M.H. Case Study

 

All Subjects

All Subjects

Guaranteed Success

quality-guaranteed-at-professional-essay-writing-service

First Class Honors

First Class Honors

M.H. Case Study

Order 100% Plagiarism Free Essay Now

Read the M.H. Case Study:
M.H. is an 80-year-old Caucasian female who is married and lives with her spouse. She presents to your office today with her spouse, feeling “coocoo, I just don’t feel right.” Currently she is taking rosuvastatin prescribed by her cardiologist for hyperlipidemia and a daily 325 mg aspirin. She drinks 3–6 hard liquor drinks a day, 3–4 times a week in the evening, and has a 65-year smoking habit, currently smoking two packs per day (ppd). She has no known allergies.

Past surgical history includes hysterectomy for a benign fibroid.

Family history of breast cancer in three sisters, Type 2 diabetes and CVA in one sister, cancer of unknown origin in one brother. All siblings and parents are deceased.

Her husband reports that she is hard of hearing. He feels that it is due to cerumen build-up in her ears.
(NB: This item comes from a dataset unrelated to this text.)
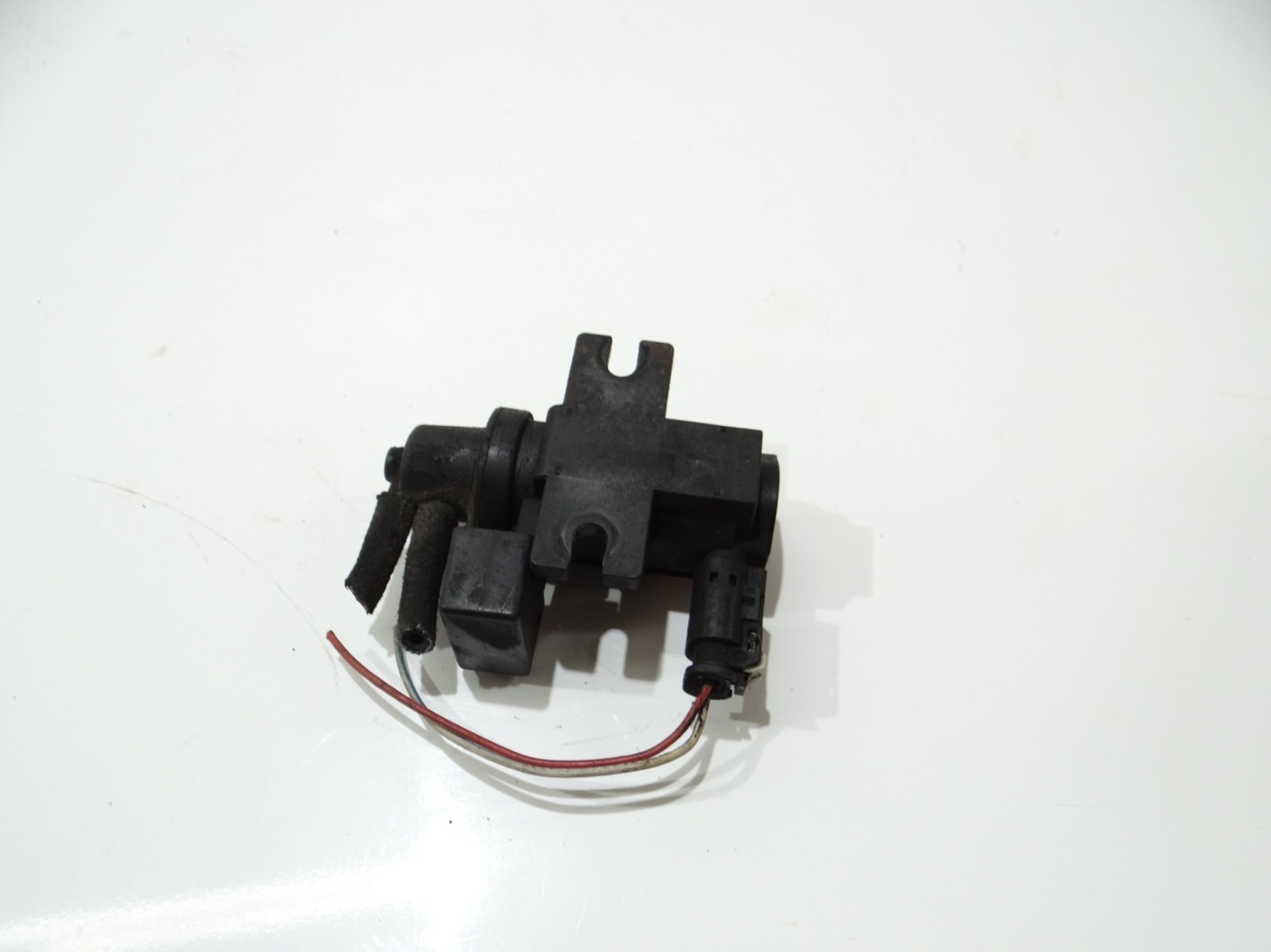 ventil vakum BMW E60 E61 2.0D 7805391 (4295214)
She refuses to have the buildup removed. Her husband is also worried about her memory—states that she “just does not remember things like she used to. She keeps asking me the same questions over and over.” She does not eat very well; this is the way that she has been for years, but it does seem to be getting worse.
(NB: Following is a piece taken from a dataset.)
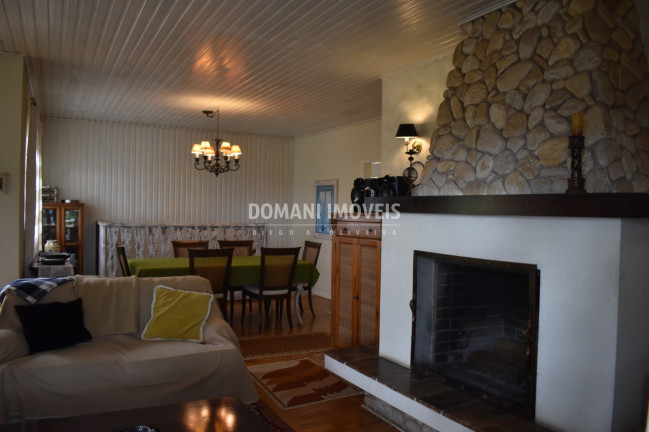 Imagem Casa com 4 Quartos à Venda, 424 m² em Região Do Alto Do Capivari - Campos Do Jordão Imagem Casa com 4 Quartos à Venda, 424 m² em Região Do Alto Do Capivari - Campos Do Jordão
You notice on her chart that she was given lisinopril-hydrochlorothiazide 40/25 mg daily at her last office visit but she is not currently taking it. She states that she did take the medicine but she ran out. She reports that she does not have high blood pressure. She has fallen a few times in the past year but her husband states that he has fallen more, so he is not concerned.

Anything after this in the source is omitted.